C'est pourquoi nous proposons, pour garantir le droit, de réintroduire ce segment de phrase: «... en force au moment de l'entrée en vigueur de la présente loi...». Il nous paraît utile et nécessaire d'octroyer au département les moyens juridiques de résister aux demandes pléthoriques de dérogation qui seront déposées: elles seront refusées dans un premier temps et, parce que les tribunaux appliqueront la décision que nous risquons de prendre ce matin, le département devra finalement s'y soumettre.

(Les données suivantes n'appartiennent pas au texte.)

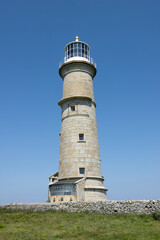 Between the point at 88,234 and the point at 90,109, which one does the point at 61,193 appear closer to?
the point at 90,109

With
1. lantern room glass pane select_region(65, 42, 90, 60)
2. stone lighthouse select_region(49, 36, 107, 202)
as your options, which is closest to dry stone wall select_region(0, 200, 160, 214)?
stone lighthouse select_region(49, 36, 107, 202)

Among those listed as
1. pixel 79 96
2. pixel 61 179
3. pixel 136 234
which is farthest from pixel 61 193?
pixel 136 234

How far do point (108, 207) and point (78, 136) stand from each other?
855 cm

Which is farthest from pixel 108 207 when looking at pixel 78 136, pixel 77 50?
pixel 77 50

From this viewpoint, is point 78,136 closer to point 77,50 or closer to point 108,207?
point 108,207

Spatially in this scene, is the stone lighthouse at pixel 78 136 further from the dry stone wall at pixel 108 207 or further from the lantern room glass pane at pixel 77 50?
the dry stone wall at pixel 108 207

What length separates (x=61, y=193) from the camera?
1897 cm

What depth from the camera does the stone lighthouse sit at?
19328 millimetres

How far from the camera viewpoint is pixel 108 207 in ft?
47.8

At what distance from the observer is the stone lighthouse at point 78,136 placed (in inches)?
761

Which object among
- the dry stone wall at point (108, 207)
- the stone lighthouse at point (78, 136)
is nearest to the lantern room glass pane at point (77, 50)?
the stone lighthouse at point (78, 136)

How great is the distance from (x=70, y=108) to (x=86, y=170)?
6886 millimetres

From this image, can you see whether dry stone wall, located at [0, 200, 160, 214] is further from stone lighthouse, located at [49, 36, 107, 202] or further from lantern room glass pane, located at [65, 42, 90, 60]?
lantern room glass pane, located at [65, 42, 90, 60]

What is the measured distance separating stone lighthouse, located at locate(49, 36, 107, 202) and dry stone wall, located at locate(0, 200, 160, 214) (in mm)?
2039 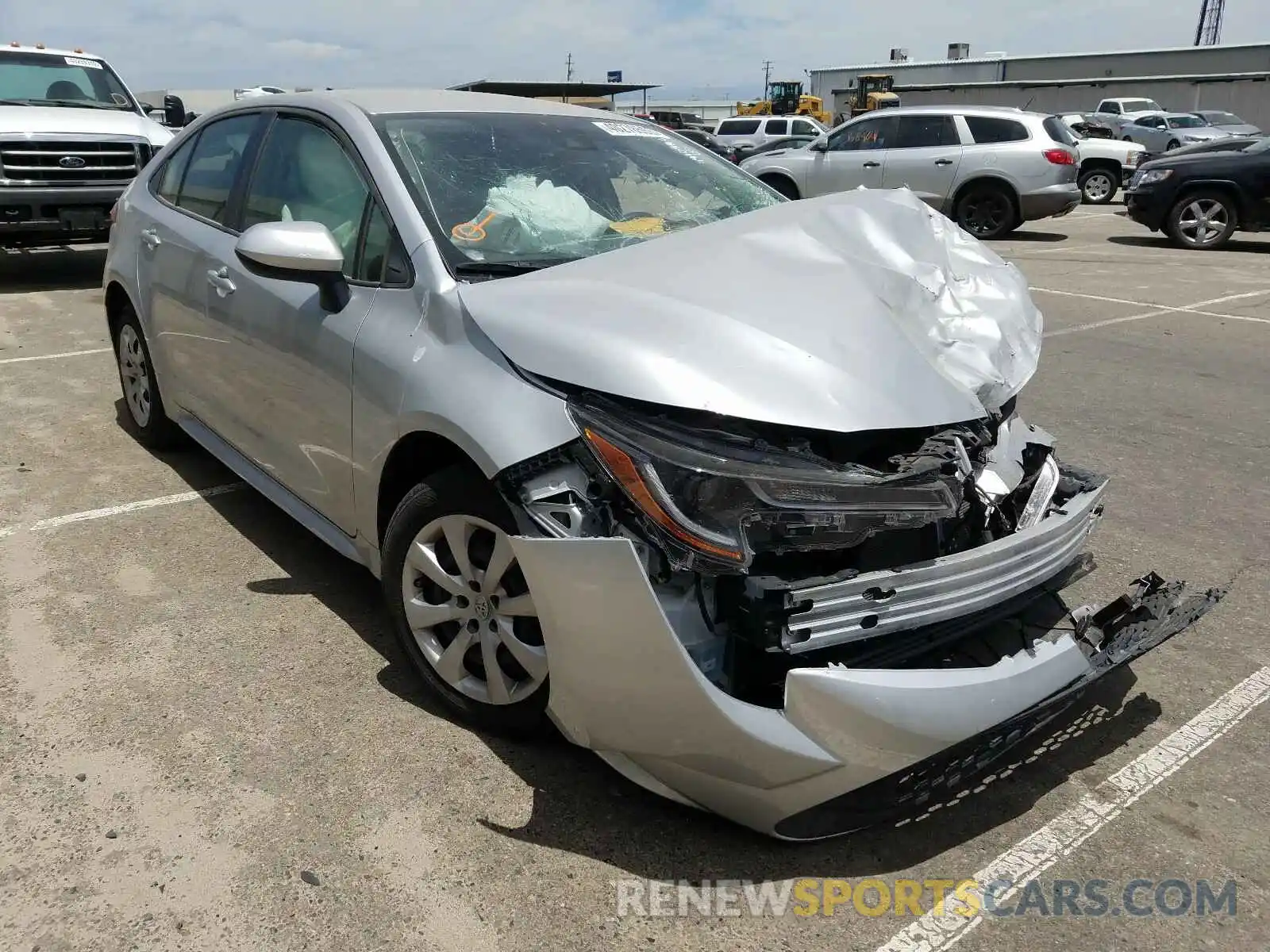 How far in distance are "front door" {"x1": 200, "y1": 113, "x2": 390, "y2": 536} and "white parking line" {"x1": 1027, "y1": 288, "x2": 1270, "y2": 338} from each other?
6.12m

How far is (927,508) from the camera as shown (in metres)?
2.24

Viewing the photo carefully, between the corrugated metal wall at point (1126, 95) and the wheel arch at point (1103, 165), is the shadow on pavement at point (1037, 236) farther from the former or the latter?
the corrugated metal wall at point (1126, 95)

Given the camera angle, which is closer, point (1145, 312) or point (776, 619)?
point (776, 619)

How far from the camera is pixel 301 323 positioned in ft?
10.4

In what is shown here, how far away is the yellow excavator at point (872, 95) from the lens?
125ft

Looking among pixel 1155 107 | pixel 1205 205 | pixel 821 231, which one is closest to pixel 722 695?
pixel 821 231

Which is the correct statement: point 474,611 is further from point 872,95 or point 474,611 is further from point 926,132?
point 872,95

La présidente. Nous allons nous prononcer sur l'entrée en matière et, ensuite, nous prendrons une pause... Monsieur Grobet, souhaitez-vous vous exprimer sur l'entrée en matière ou sur les amendements ?
M. Christian Grobet (AdG). Je ne souhaite pas évoquer ces amendements. J'ai beaucoup de respect pour M. Pagani, pour beaucoup de ses amendements, mais, là, je crois qu'il fait fausse route... (Rires.)Même en réintroduisant cette disposition, qui va être supprimée, cela pourrait aller à fins contraires de ce que vous souhaitez.
Je m'explique. A mon avis, la disposition des lois entrées en force aurait dû figurer dans une disposition transitoire au moment où la loi sur la forêt a été votée. Pourquoi ? Parce qu'on voulait éviter d'appliquer la loi avec effet rétroactif. Et l'on a intégré cela dans cet article pour éviter, précisément, qu'on applique la nouvelle loi à des projets alors que les zones n'étaient pas encore en force.
En examinant la disposition que vous voulez réintroduire, on pourrait l'interpréter en disant que cette dernière ne s'applique pas à des zones créées ultérieurement. La suppression de cette disposition est donc un simple toilettage qui ne modifie absolument pas le sens de la loi. Je ne vois pas en quoi cela entraînerait des dérogations supplémentaires; elles résulteront de l'introduction de la notion de plan d'alignement qui sera forcément interprétée de manière restrictive. Car, bien qu'il ne soit pas mentionné dans la loi d'application sur l'aménagement du territoire, le plan d'alignement implique, selon la jurisprudence du Tribunal fédéral, une procédure d'adoption conforme au plan d'affectation du sol, c'est-à-dire une mise à l'enquête publique, un préavis du Conseil municipal, etc.
Objectivement, je crois que la disposition que vous voulez réintroduire était une simple disposition transitoire au moment où la loi avait été adoptée et qui, aujourd'hui, n'a plus de sens.
M. Laurent Moutinot, conseiller d'Etat. A l'origine, ce projet de loi était quelque peu excessif. Aujourd'hui, votre commission d'aménagement est parvenue à trouver une solution qui respecte le principe de base d'interdire les constructions à 30 mètres de la forêt, tout en permettant d'introduire - avec une souplesse raisonnable et les garde-fous qui évitent que l'exception devienne la règle - un système acceptable.
Je rappelle que parmi les cas bizarres entourant cette loi se trouve celui où, quand une route sépare une parcelle de la forêt, les 30 mètres se calculent en traversant la route. Cela n'a évidemment aucun sens par rapport à la protection de la forêt elle-même, déjà limitée par la route.
Il y a un certain nombre de cas de ce genre où, de toute évidence, un plan d'alignement - qui est un instrument suffisamment strict et raisonnable - peut régler cette problématique.
Par conséquent, Mesdames et Messieurs les députés, je vous invite à voter ce projet tel qu'il ressort des travaux de la commission d'aménagement.
Mis aux voix, ce projet de loi est adopté en premier débat par 45 oui contre 16 non et 4 abstentions.
Deuxième débat: Session 07 (avril 2005) - Séance 40 du 28.04.2005
La présidente. Nous prenons une pause de 15 minutes. Nous nous retrouverons à 10h10 et poursuivrons l'examen de ce projet de loi.